J&J said in a statement Tuesday that it was aware of the reports of blood clots but that no official link to its vaccine had been established.

HOUSTON — The Johnson & Johnson coronavirus vaccine distribution has been halted at federal sites across the United States due to a probe into reports of blood clots in women.

The reported blood clots are very rare but potentially dangerous.

But the Johnson & Johnson vaccine has not been recalled. U.S. Food & Drug Administration officials emphasized Tuesday’s action was not a mandate. In fact, doctors and patients can still use J&J’s vaccine if they decide its benefits outweigh its risks for individual cases, according to Dr. Peter Marks.

Also read: Blood clot symptoms: What to watch for

Also read: CDC and FDA investigating clots in six women in the days after vaccination

A CDC committee will meet Wednesday to discuss the cases, and the FDA has also launched an investigation into the cause of the clots and low platelet counts.

How long will the J&J vaccine pause last?

The recommended pause for J&J distribution at mass vaccination sites could just be a "matter of days," federal health officials said. Some of this time will be spent allowing health care providers to be better prepared if they see instances of blood clots show up.

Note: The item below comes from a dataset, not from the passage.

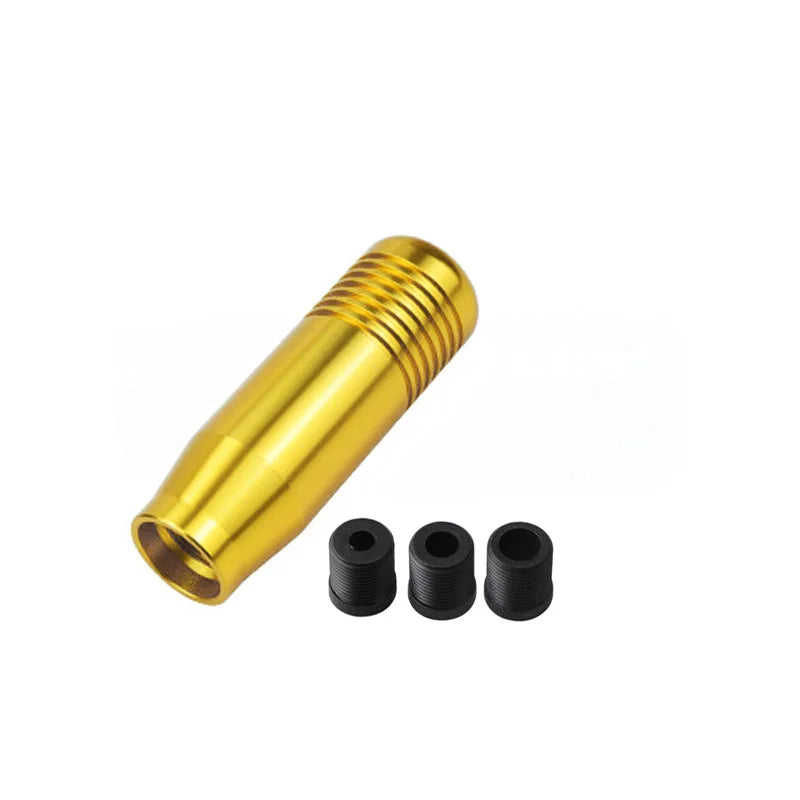 Universal Aluminum Gear Shift Knob for Manual Transmission Cars with 3 Size Adapters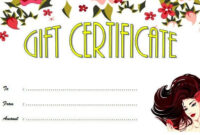 Beauty Salon Gift Certificate 7 | Paddle Certificate with regard to Beauty Salon Gift Certificate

“I’d like to stress these events appear to be extremely rare. However COVID-19 vaccine safety is a top priority,” acting FDA Commissioner Janet Woodcock said at a news conference Tuesday.

J&J said in a statement that it was aware of the reports of blood clots, but that no link to its vaccine had been established, the Associated Press reported.

J&J vaccine blood clot symptoms: What to know and what to watch for

  • "Adverse events appear to be extremely rare and are being further evaluated to ensure vaccine safety," Texas health officials note
  • Unusual clots in six women occurred 6 to 13 days after vaccination, the CDC says
  • The clots occurred in veins that drain blood from the brain and occurred together with low platelets
  • All six cases were in women between the ages of 18 and 48
  • Symptoms: People who have received the Johnson & Johnson vaccine who develop severe headache, abdominal pain, leg pain or shortness of breath within three weeks after vaccination should contact their health care provider
  • Treatment: U.S. health authorities cautioned doctors against using a typical clot treatment, the blood-thinner heparin. “In this setting, administration of heparin may be dangerous and alternative treatments need to be given,” the FDA and CDC said

Also watch: Anti-vax movement threatens success of COVID-19 vaccine in Texas (Dec. 2020 broadcast)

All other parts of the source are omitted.